MINNEAPOLIS (WCCO) — A new law makes it easier for consumers to freeze and thaw their credit scores, one year after the historic Equifax that compromised 143 million consumers’ personal information.
It used to cost people $3-$10 to freeze a credit score, which prevents unauthorized people from opening new accounts, and another $3-$10 to lift that freeze, which is sometimes necessary when applying for a loan or renting an apartment. The turnaround time for both steps typically took 2-4 days.
Under the new legislation, credit freezes and thaws are free, with a turnaround time of less than one day, encouraging consumers to take steps to protect their credit or that of their children. People can do so online, through each of the credit bureaus.
LSS Financial Counselor Shannon Doyle explained how child identity theft is one of the fastest growing crimes in the U.S., in part because parents don’t always think to protect it.
Children who lack a credit score can still fall victim because their “thin file” contains identifiable information such as their name, address, and social security number.
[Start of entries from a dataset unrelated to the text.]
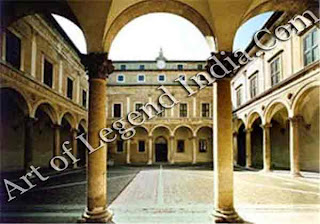 Laurana's courtyard, The famous courtyard of the Ducal Palace, considered to be a masterpiece of architectural purity, was designed by the little known Luciano Laurana.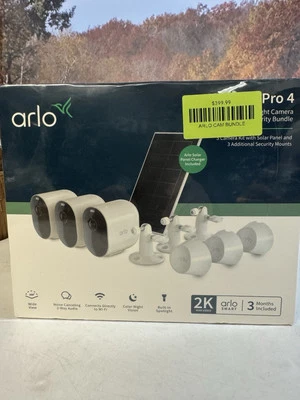 Arlo Pro 4 Security Bundle 3 Wire Free Spotlight Cameras w/Solar Panel White - Image 1 of 4
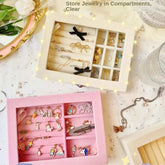 Velvet Glass Ring Earring Jewelry Display Organizer Box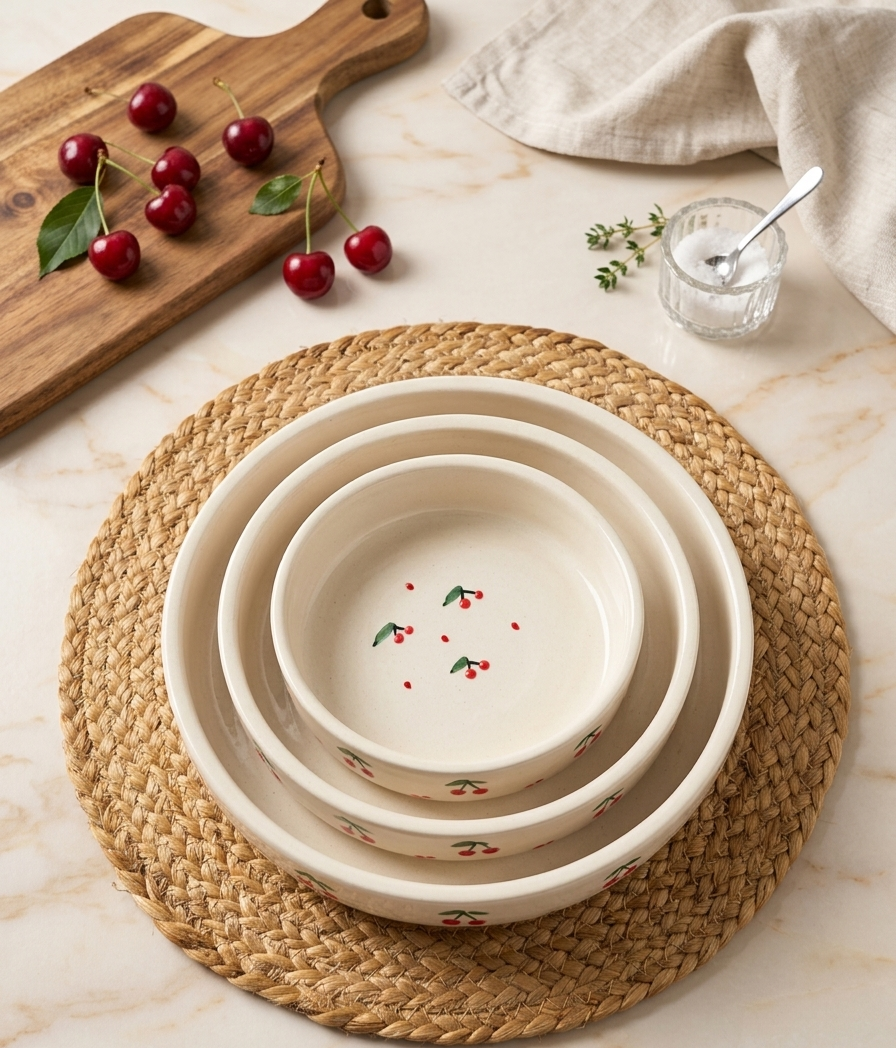 Cherry nested Bowl Set of 3 view 2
“They can contact the credit bureaus and ask for a manual search under the child’s name, social security and date of birth,” said Doyle. “The parent might need to offer some sort of documentation for that, but it’s a good thing to check out.”
The new law allows parents to freeze their child’s credit if they are under 16 years old.
Doyle advises everyone freeze their credit, as it is easier than ever before.
“A lot of people who even have bad credit think, well who’s going to want to steal my identity,” said Doyle. “But the problem is, that doesn’t matter to identity thieves because the information they’re looking for is social security numbers, job history, address history, phone history, because when they have that information they can create new identities.”
She emphasizes, when it comes to personal information, consumers are not just consumers. They are also the product, with valuable information to anyone seeking access to data they otherwise shouldn’t have.